» Exercise description
Within the entries below, the lines from the one with "1265 Hillside Oaks" through the one with "square photo of" are to be set down exactly, both ends kept.

» Extracted material
::::

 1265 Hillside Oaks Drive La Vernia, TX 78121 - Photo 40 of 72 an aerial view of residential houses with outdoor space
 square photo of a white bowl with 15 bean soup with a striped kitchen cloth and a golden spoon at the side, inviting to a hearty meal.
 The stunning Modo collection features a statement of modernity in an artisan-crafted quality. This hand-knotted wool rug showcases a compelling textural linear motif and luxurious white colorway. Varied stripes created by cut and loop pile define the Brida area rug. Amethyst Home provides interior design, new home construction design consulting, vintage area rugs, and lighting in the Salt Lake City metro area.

::::

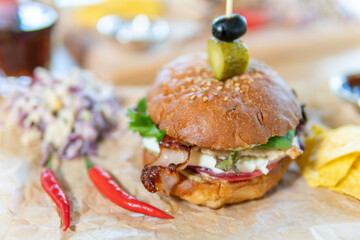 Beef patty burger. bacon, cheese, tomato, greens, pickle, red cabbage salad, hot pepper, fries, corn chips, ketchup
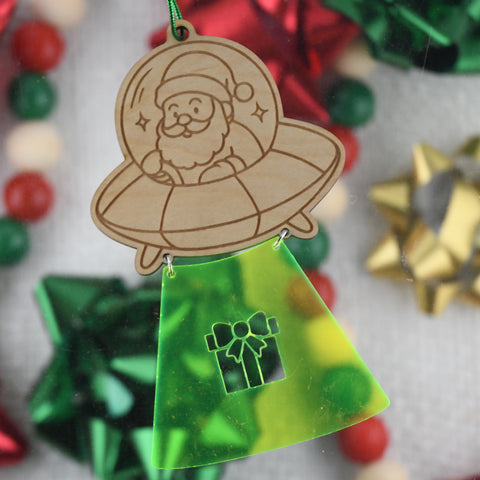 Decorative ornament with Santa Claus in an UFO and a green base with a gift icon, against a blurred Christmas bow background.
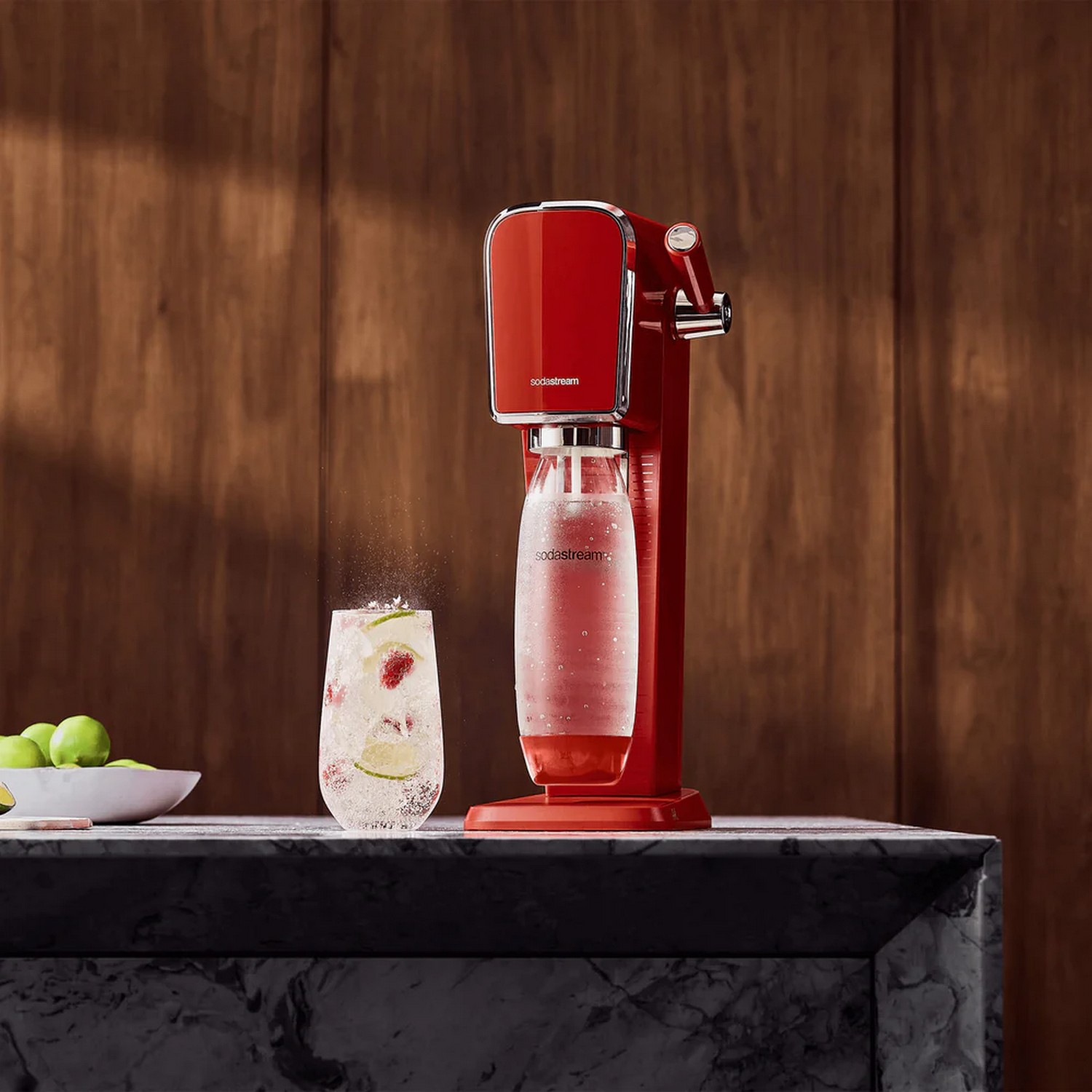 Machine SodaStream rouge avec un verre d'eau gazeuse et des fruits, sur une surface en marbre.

::::

» Task result
 1265 Hillside Oaks Drive La Vernia, TX 78121 - Photo 40 of 72 an aerial view of residential houses with outdoor space
 square photo of a white bowl with 15 bean soup with a striped kitchen cloth and a golden spoon at the side, inviting to a hearty meal.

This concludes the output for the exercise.